What is required: Could the listing below be returned exactly, with its pictures left out?

Entries provided:
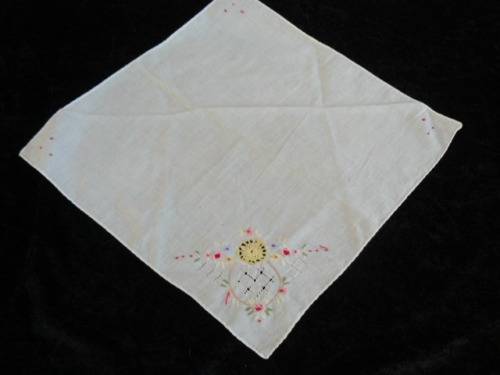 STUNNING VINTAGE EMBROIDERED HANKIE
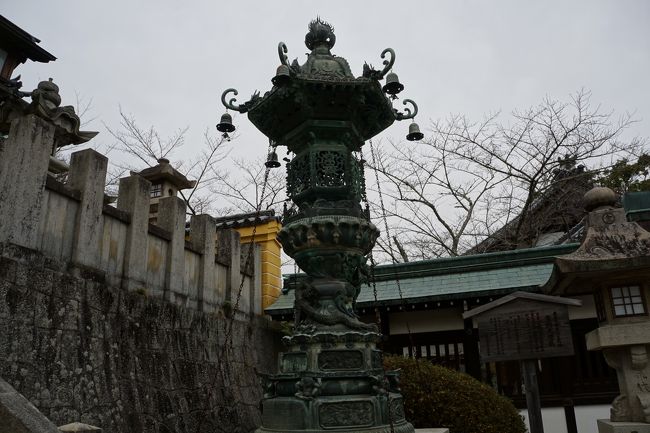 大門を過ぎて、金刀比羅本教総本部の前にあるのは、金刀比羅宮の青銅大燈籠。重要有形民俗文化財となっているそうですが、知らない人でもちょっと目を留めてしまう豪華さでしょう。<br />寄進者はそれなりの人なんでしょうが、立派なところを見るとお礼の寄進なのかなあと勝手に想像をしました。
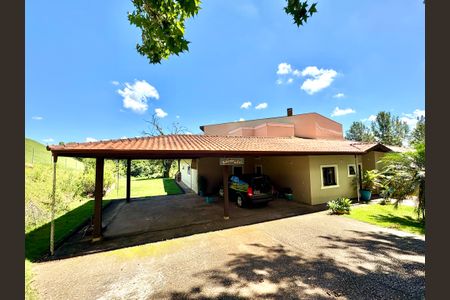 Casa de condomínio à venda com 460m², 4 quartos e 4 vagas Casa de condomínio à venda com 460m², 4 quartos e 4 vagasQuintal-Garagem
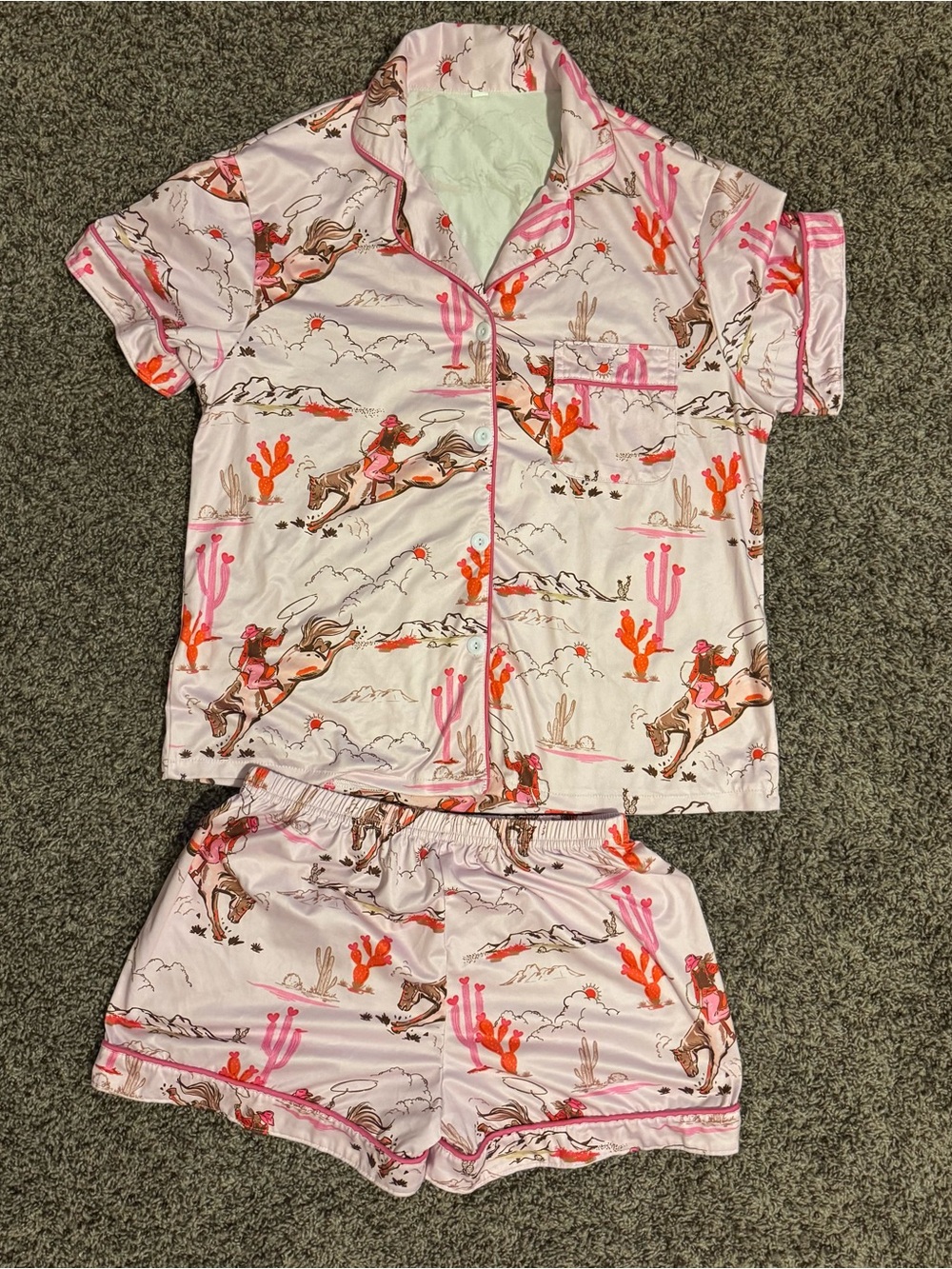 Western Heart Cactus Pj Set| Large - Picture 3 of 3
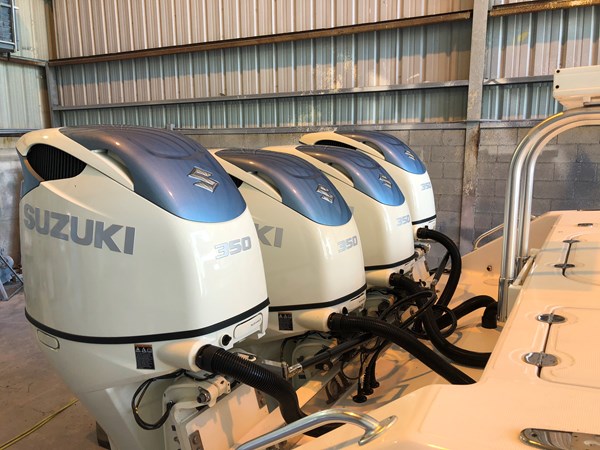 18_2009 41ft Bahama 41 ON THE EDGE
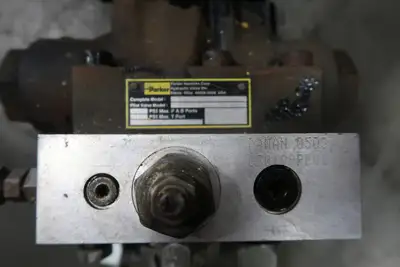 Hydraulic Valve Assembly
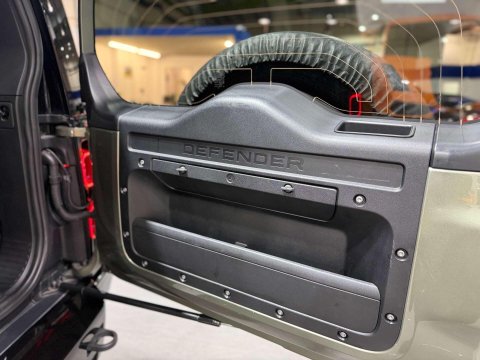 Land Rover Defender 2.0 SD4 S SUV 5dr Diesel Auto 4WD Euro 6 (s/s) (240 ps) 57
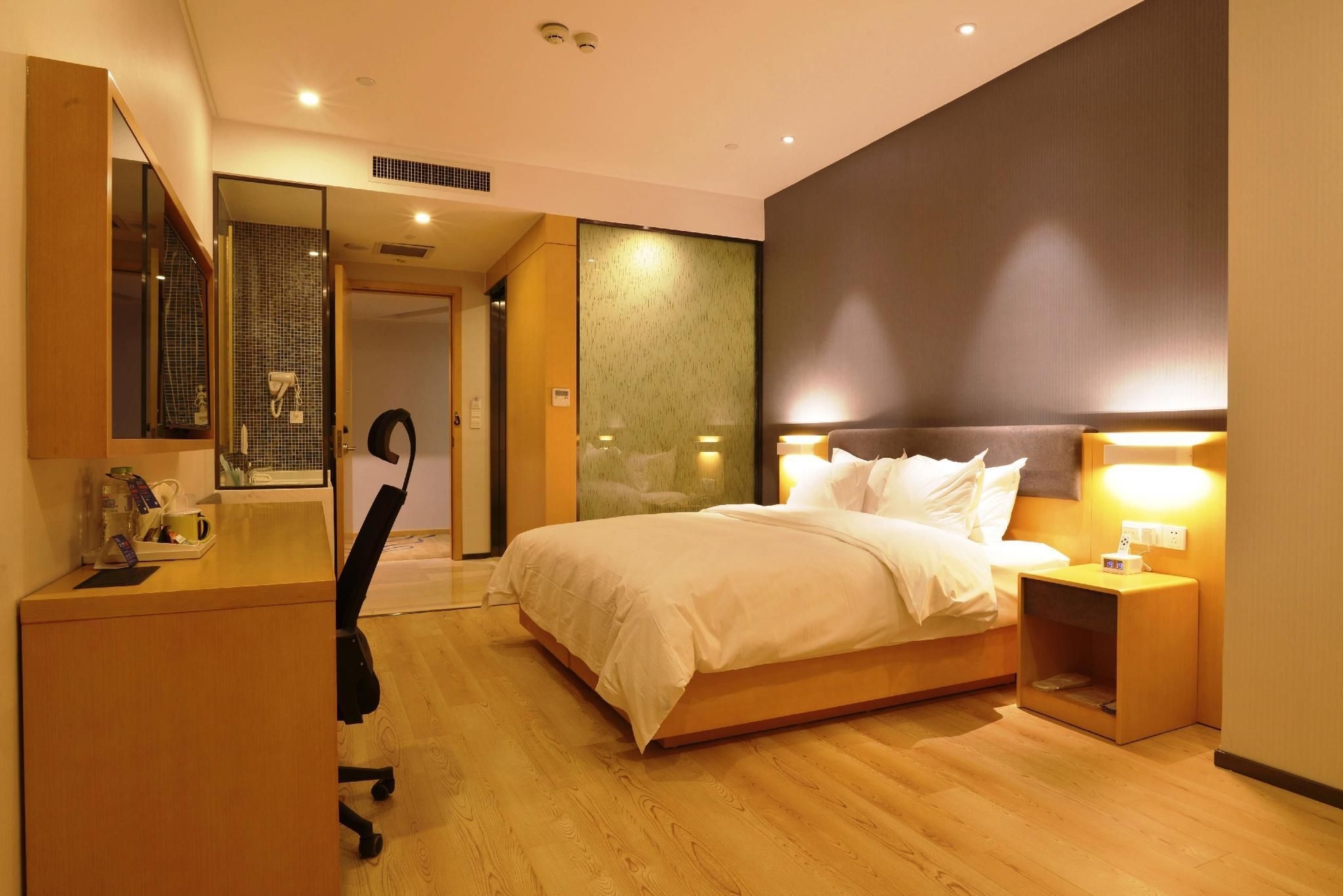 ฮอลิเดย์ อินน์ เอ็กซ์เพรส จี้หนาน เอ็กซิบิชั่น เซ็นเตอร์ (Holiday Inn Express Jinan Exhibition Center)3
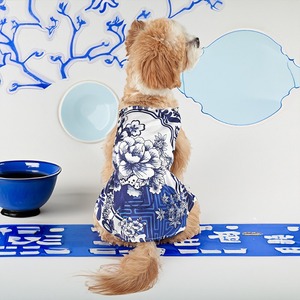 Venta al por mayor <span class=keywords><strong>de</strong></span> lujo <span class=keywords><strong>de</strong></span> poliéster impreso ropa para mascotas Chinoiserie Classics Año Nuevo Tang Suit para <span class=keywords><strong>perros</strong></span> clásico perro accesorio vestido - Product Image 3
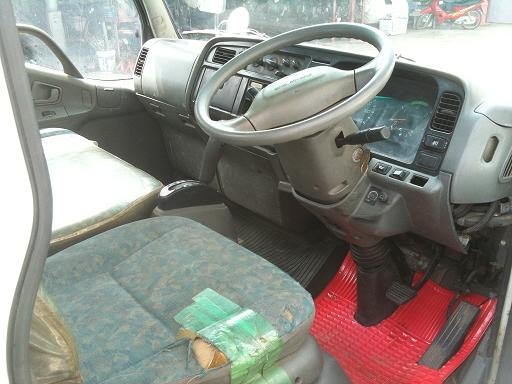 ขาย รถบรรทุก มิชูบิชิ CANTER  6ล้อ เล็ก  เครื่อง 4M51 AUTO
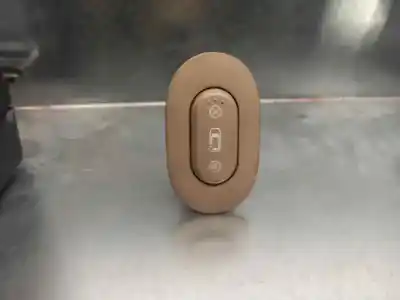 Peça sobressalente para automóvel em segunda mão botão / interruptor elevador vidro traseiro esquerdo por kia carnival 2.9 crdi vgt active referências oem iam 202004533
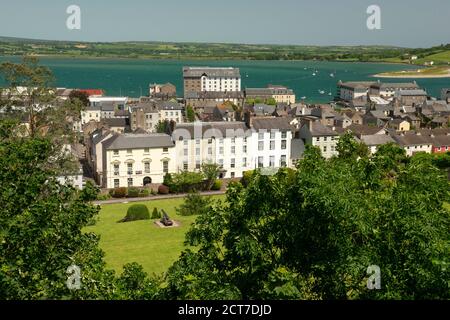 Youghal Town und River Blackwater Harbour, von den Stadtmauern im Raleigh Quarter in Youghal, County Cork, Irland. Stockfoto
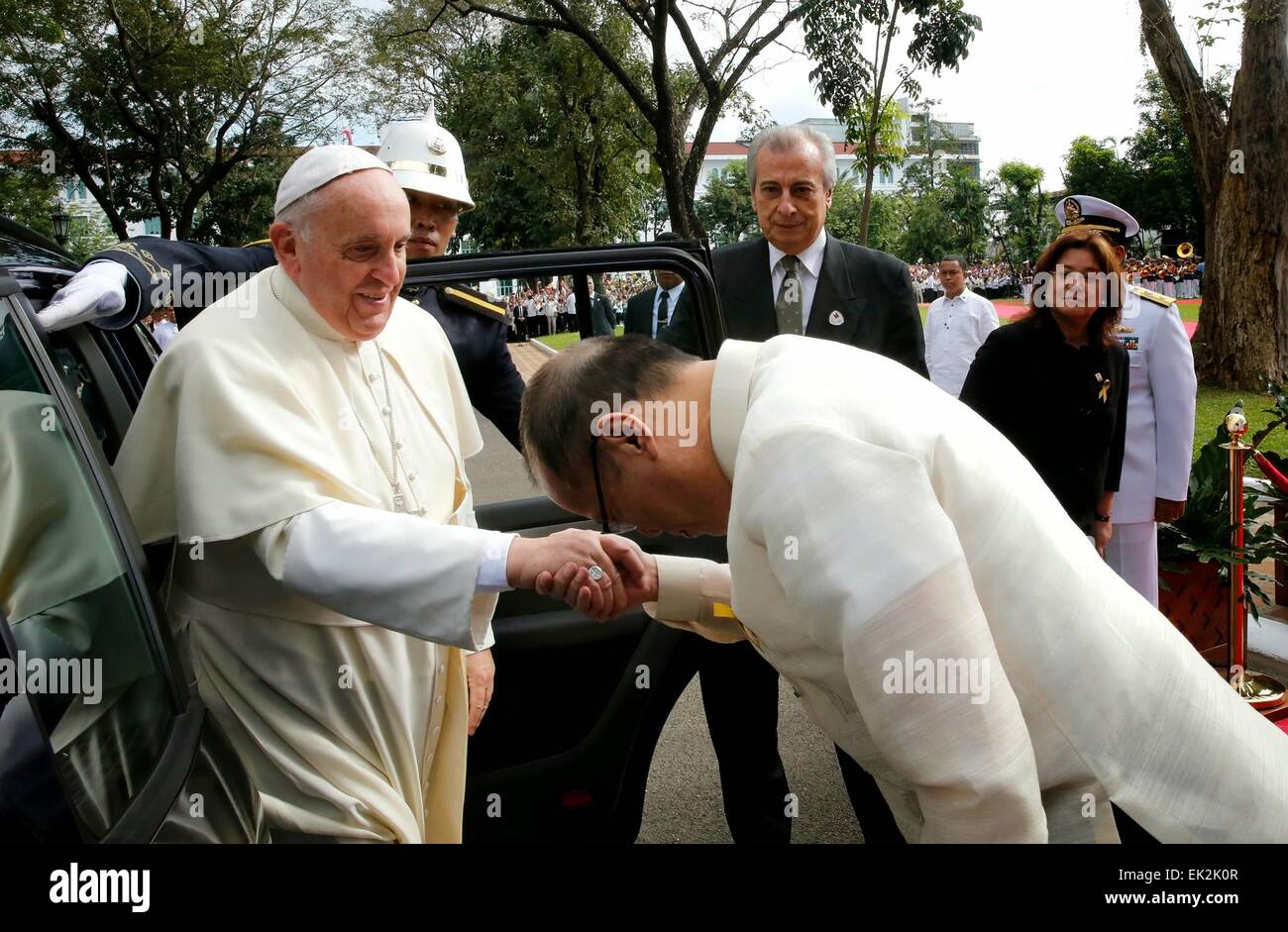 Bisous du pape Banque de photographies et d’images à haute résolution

Solution:
 STUNNING VINTAGE EMBROIDERED HANKIE
 大門を過ぎて、金刀比羅本教総本部の前にあるのは、金刀比羅宮の青銅大燈籠。重要有形民俗文化財となっているそうですが、知らない人でもちょっと目を留めてしまう豪華さでしょう。<br />寄進者はそれなりの人なんでしょうが、立派なところを見るとお礼の寄進なのかなあと勝手に想像をしました。
 Casa de condomínio à venda com 460m², 4 quartos e 4 vagas Casa de condomínio à venda com 460m², 4 quartos e 4 vagasQuintal-Garagem
 Western Heart Cactus Pj Set| Large - Picture 3 of 3
 18_2009 41ft Bahama 41 ON THE EDGE
 Hydraulic Valve Assembly
 Land Rover Defender 2.0 SD4 S SUV 5dr Diesel Auto 4WD Euro 6 (s/s) (240 ps) 57
 ฮอลิเดย์ อินน์ เอ็กซ์เพรส จี้หนาน เอ็กซิบิชั่น เซ็นเตอร์ (Holiday Inn Express Jinan Exhibition Center)3
 Venta al por mayor <span class=keywords><strong>de</strong></span> lujo <span class=keywords><strong>de</strong></span> poliéster impreso ropa para mascotas Chinoiserie Classics Año Nuevo Tang Suit para <span class=keywords><strong>perros</strong></span> clásico perro accesorio vestido - Product Image 3
 ขาย รถบรรทุก มิชูบิชิ CANTER  6ล้อ เล็ก  เครื่อง 4M51 AUTO
 Peça sobressalente para automóvel em segunda mão botão / interruptor elevador vidro traseiro esquerdo por kia carnival 2.9 crdi vgt active referências oem iam 202004533
 Youghal Town und River Blackwater Harbour, von den Stadtmauern im Raleigh Quarter in Youghal, County Cork, Irland. Stockfoto
 Bisous du pape Banque de photographies et d’images à haute résolution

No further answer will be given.